Brief Thoughts on Sports Analytics and Aesthetics

I was recently asked to share some views on sports anlytics and aesthetics based my post on How Analytics Ruins Sports. I’m not sure if anything will come of it, but I happened upon some interesting thoughts that I think are worth writing down here at a minimum. In this post, I’m going to give some short descriptions of general ideas that I hope to flesh out in future posts.

Sports are dynamic systems moving towards equilibria

Strategic sports like baseball and basketball (where you interact directly with your opponent, as opposed to, say, pole vaulting) are in constant states of evolution strategicly. In team sports, the strategies employed tend towards increasing complexity and require increasing coordination between teammates. Analytics tend to accelerate these strategic shifts, though they’re effected by factors, too.

As player populations change over time (typically becoming more fit and better suited to the specific atheltic tasks required of the sport), the dynamic may change. Strategies that were effective against opponents with one set of capabilities may no longer work. One way to see this is to look at strategies employed at different levels of a sport. Strategies that work for NCAA basketball don’t work in the NBA; the best offense in the NBA might not be the best offense to run in the WNBA.

Rule changes are fundamental to maintaining entertaining on-field products

Analytics in sports identify strategies and tactics that improve the likelihood of winning under a given set of rules. If these strategies lead to undesirable aesthetics, it’s the rules of the game that should be tweaked to align the aesthetic play with the efficient play. The league owns the rules, not the analytics managers, so it’s up to the league to ensure aesthetic play. You can see this in action with recent rule changes in MLB and the NFL, but perhaps the most stark recent example was the NBA tweaking how certain plays were called mid-season to reduce the rewards for flopping and foul-drawing.

Rule changes can also shift the sports equilibria. This is most easy to see in eSports, such as League of Legends, where regular balance changes shift which strategies and characters are viable from season to season and week to week.

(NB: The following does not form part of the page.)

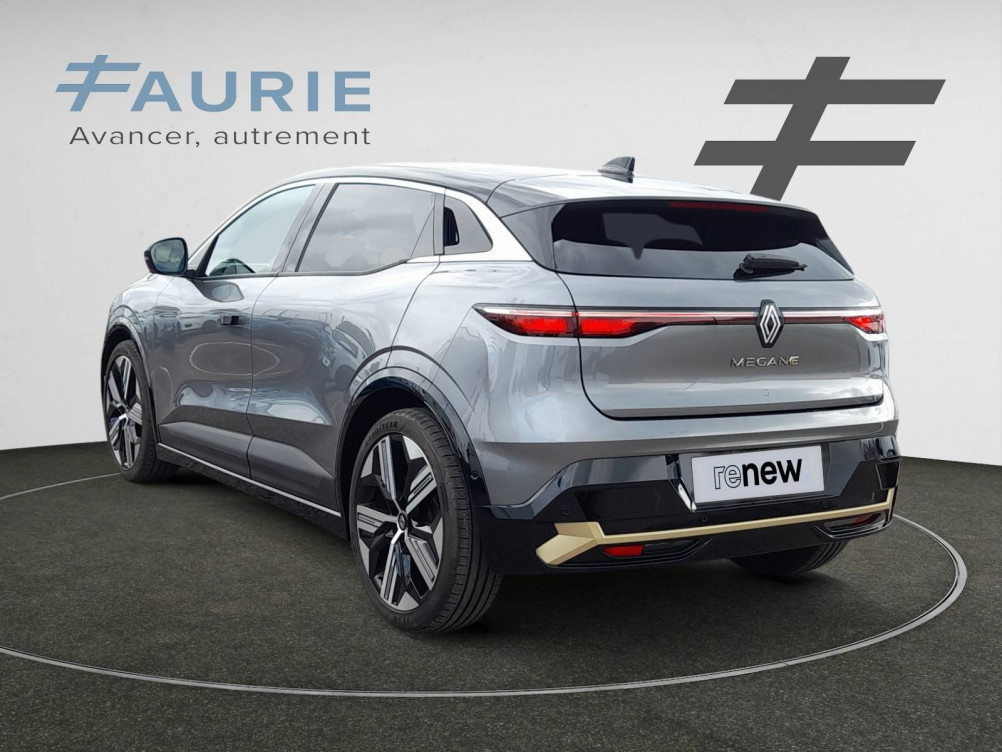 Acheter Renault Megane E-Tech Megane E-Tech EV60 220 ch optimum charge Iconic 5p occasion dans les concessions du Groupe Faurie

Prediction is toughest when nonlinear interactions dominate

This is generally true, but sports offer a stark example. Baseball is relatively easy to understand from an analytics perspective not (just) of the volume of discrete data generated during a game and a season, but also becuase there isn’t a ton of complex non-additive interaction between players. If you’re a short stop, you might cheat over an extra step in one direction or the other depending on the fielding range of your 2B and 3B, but it won’t effect how you play very much. On a basketball court, OTOH, a point guard will have completely different reads and passes if he’s playing alongside a rim-running center as opposed to a player inclined to pick-and-pop. The specific abilities and limitations of your team mates effect how the opposing defense is set up against you and often your role within an offense. Sports like hockey and soccer are similar. Football is (IMO) in between with some positions and players being highly interactive (QBs and WRs for one) while are are somehwat less (e.g., CBs).

The more depending a player’s individual performance and statistics depend on the specific combination of teammates and opponents, the harder it becomes to predict how novel combinations of players will perform.

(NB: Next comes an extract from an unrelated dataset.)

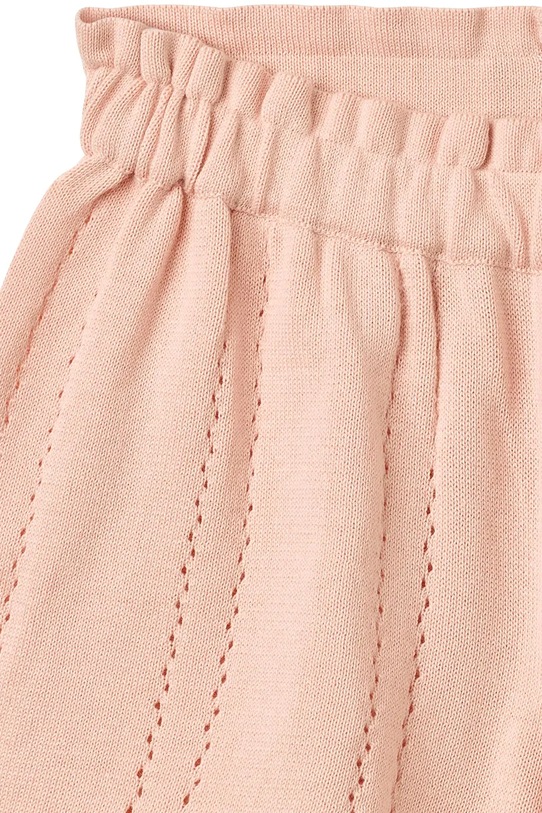 Dziewczynka Wheat szorty dziecięce bawełniane 1012.560.GOTS różowy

Prospect theory gives us useful intution about what types efficiencies analytics can uncover

Why did no one go for it often enough on 4th down before some nerds proved the useful of this to football coaches? Probably because of cognitive biases like loss aversion, as explained by Khaneman and Tversky’s seminal work!

Game Theory Optimal sports?

No-limit Texas Hold’em is now a “solved” game, at least for computers. Unsurprisingly, it’s a Nash equilibrium. But no human will every be able to truly be play perfectly GTO, so there will always be room for players to try to get an edge. Similarly, players in sports are never identical, and each develop a unique combination of skills that evolve over time. So even if someone could “solve” a sport like baseball or football by coming up with some game theory optimal strategy, that strategy would have to be tweaked and adjusted to suite the individual players trying to execute it. ### And more?

That seems like enough teasers for tonight. Maybe I’ll flesh these thoughts out in the future, maybe I’ll come up with some thing else to talk about, or maybe I’ll let this go dormant again. These are fun things to think about, though, and I’m excited to see where discussion of them moves in the future.